(Task objective): The job is to find each line of the records below that includes the word "Tisch" and copy it.

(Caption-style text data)
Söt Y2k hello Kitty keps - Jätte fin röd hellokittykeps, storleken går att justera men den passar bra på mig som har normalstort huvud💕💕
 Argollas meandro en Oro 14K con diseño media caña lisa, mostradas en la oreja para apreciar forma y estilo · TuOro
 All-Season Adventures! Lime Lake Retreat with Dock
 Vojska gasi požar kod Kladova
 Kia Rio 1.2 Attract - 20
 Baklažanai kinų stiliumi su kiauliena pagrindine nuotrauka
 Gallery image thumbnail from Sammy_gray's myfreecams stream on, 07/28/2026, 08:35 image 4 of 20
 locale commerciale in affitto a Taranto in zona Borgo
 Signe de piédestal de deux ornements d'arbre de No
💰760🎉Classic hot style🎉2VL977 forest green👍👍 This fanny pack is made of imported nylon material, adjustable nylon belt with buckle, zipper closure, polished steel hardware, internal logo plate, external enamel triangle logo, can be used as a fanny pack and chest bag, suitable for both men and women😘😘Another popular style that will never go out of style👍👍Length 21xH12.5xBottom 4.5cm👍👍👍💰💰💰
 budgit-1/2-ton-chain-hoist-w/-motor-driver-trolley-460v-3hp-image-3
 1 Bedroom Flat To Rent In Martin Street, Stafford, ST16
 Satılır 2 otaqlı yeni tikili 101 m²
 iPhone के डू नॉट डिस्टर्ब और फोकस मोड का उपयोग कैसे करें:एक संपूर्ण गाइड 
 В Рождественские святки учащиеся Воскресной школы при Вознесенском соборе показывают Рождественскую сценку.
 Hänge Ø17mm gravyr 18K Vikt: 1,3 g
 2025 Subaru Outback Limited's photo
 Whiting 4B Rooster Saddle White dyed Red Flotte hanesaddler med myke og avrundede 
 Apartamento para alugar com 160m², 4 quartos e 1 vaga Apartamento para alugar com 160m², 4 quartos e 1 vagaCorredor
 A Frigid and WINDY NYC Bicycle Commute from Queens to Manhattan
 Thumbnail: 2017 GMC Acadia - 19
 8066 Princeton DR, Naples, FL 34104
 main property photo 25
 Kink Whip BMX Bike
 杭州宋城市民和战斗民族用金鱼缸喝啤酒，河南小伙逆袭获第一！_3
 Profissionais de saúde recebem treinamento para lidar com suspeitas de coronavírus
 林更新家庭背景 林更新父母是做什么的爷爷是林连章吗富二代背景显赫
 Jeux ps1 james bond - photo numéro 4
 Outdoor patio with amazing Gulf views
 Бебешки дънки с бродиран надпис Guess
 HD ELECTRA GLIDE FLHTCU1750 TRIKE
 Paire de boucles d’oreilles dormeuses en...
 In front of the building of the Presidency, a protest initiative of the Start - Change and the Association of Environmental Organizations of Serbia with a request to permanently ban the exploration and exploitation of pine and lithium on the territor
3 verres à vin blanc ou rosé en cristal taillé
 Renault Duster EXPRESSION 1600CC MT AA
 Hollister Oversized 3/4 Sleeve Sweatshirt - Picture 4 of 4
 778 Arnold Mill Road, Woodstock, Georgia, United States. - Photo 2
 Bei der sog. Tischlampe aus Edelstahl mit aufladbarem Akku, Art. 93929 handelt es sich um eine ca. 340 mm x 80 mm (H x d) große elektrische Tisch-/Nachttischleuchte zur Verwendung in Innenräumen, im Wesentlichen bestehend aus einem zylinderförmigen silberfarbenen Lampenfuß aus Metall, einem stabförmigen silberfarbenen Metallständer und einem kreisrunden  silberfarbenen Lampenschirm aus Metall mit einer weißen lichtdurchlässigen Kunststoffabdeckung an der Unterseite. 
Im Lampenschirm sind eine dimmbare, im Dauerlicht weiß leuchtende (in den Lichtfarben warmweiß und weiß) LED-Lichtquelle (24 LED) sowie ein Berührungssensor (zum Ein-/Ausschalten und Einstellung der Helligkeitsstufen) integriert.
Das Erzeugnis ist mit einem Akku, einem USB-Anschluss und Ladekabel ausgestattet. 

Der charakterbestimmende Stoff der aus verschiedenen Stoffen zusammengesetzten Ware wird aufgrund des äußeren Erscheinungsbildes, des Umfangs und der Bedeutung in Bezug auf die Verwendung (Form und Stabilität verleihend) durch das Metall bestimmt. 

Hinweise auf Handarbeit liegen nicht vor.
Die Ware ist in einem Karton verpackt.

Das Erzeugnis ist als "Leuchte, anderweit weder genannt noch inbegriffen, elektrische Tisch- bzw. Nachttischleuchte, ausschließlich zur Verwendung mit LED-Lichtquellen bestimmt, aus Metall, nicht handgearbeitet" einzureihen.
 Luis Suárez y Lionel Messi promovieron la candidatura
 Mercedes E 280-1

(Output of the task):
 Bei der sog. Tischlampe aus Edelstahl mit aufladbarem Akku, Art. 93929 handelt es sich um eine ca. 340 mm x 80 mm (H x d) große elektrische Tisch-/Nachttischleuchte zur Verwendung in Innenräumen, im Wesentlichen bestehend aus einem zylinderförmigen silberfarbenen Lampenfuß aus Metall, einem stabförmigen silberfarbenen Metallständer und einem kreisrunden  silberfarbenen Lampenschirm aus Metall mit einer weißen lichtdurchlässigen Kunststoffabdeckung an der Unterseite. 
Das Erzeugnis ist als "Leuchte, anderweit weder genannt noch inbegriffen, elektrische Tisch- bzw. Nachttischleuchte, ausschließlich zur Verwendung mit LED-Lichtquellen bestimmt, aus Metall, nicht handgearbeitet" einzureihen.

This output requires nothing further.